Task to complete: The reply must consist of the lines from the first line of the records through the line containing "Hello and welcome", copied exactly, with every picture omitted.

Provided records:
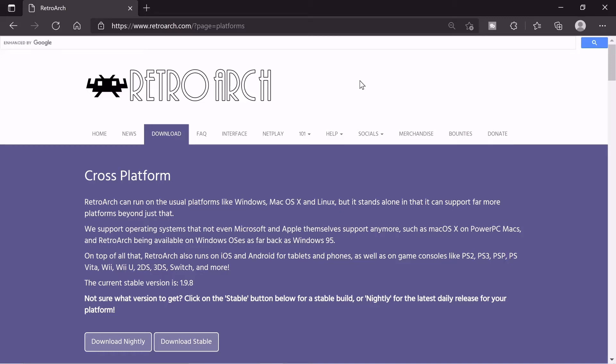What's up YouTube, it's your man MDJonesy529. Today I'm going to show you how to install RetroArch for Windows 10 and play PS1 games and I'm also going to show you the best settings so your game can run the best and look the best. Let's get started.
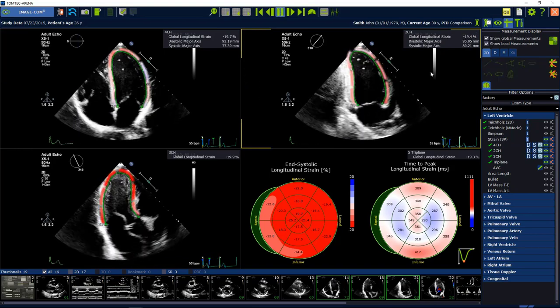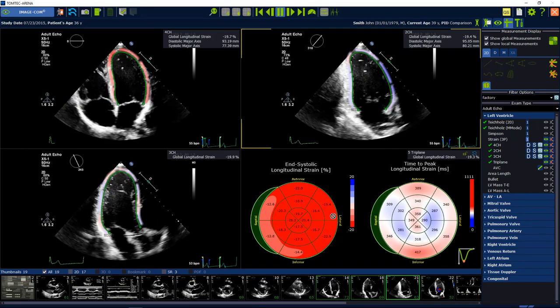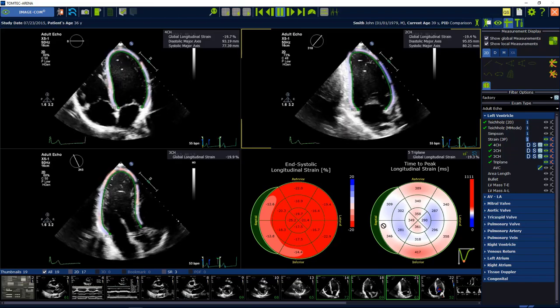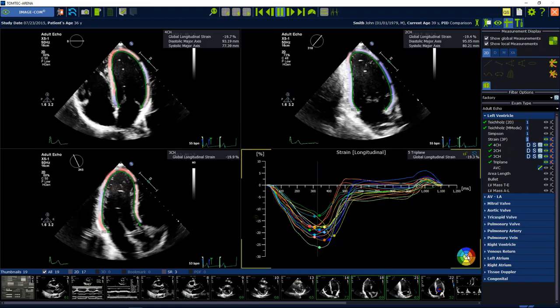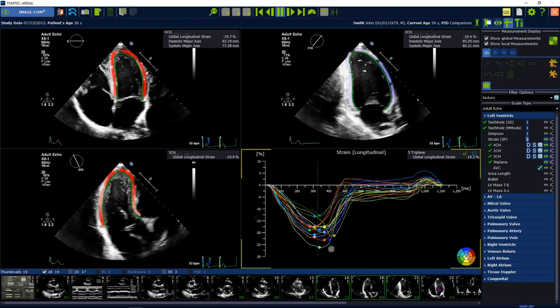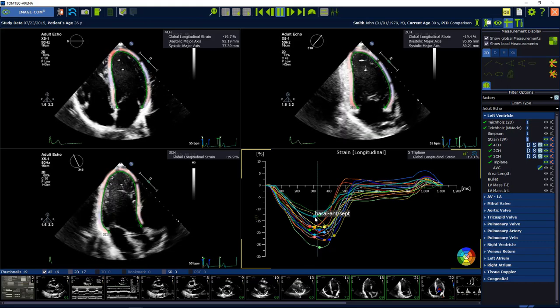The bull's-eye view will be displayed directly after the analysis. Select the segmental analysis button to visualize the longitudinal strain curves based on 16 segments.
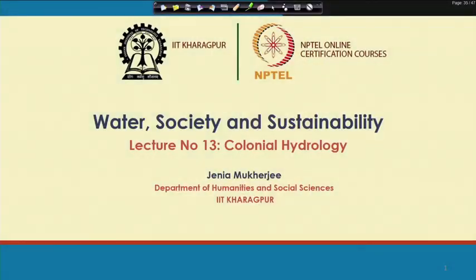Lecture 13 is all about Colonial Hydrology. I will explain what Colonial Hydrology is, I will explain the debate surrounding Colonial Hydrology — whether Colonial Hydrology can be considered as an appropriate scientific term, or whether we can also critically interrogate this particular terminology called Colonial Hydrology.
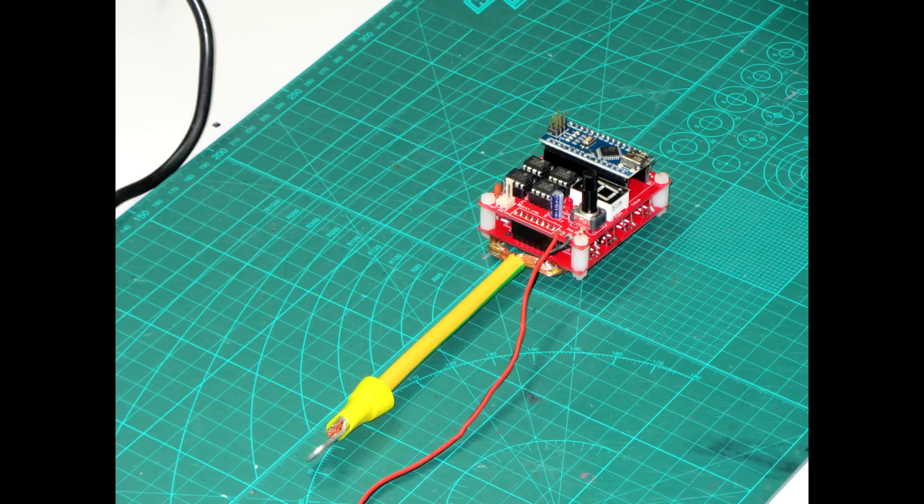Hello and welcome to the Arduino Spot Welder project. In this video I'm going to show you how to build a spot welder for 18650 batteries.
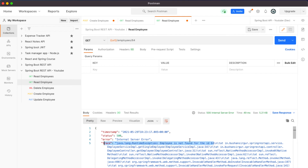We have completed the GET mapping — we are fetching the employee record from the database. In the next couple of videos we are going to complete updating the employee record and deleting the employee records. I will see you in the next video.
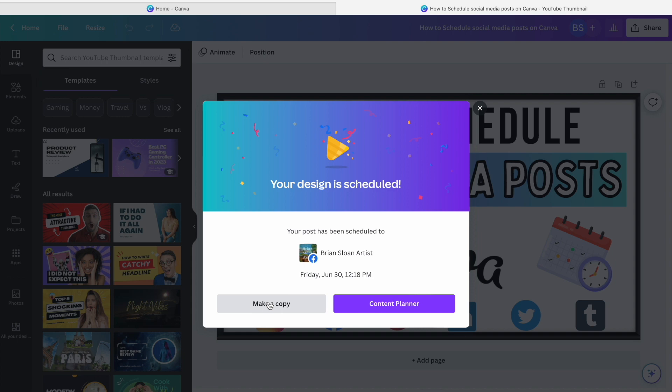Once that scheduled post has been posted, then you can schedule it again for a different page. But once it's scheduled for a post, it is locked until it is posted. So you can make a copy and you can schedule that to as many social media pages as you'd like.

Written reply:
What's up YouTube, it's your man MDJonesy529. Today I'm going to show you how to install RetroArch for Windows 10 and play PS1 games and I'm also going to show you the best settings so your game can run the best and look the best. Let's get started.
The bull's-eye view will be displayed directly after the analysis. Select the segmental analysis button to visualize the longitudinal strain curves based on 16 segments.
Lecture 13 is all about Colonial Hydrology. I will explain what Colonial Hydrology is, I will explain the debate surrounding Colonial Hydrology — whether Colonial Hydrology can be considered as an appropriate scientific term, or whether we can also critically interrogate this particular terminology called Colonial Hydrology.
Hello and welcome to the Arduino Spot Welder project. In this video I'm going to show you how to build a spot welder for 18650 batteries.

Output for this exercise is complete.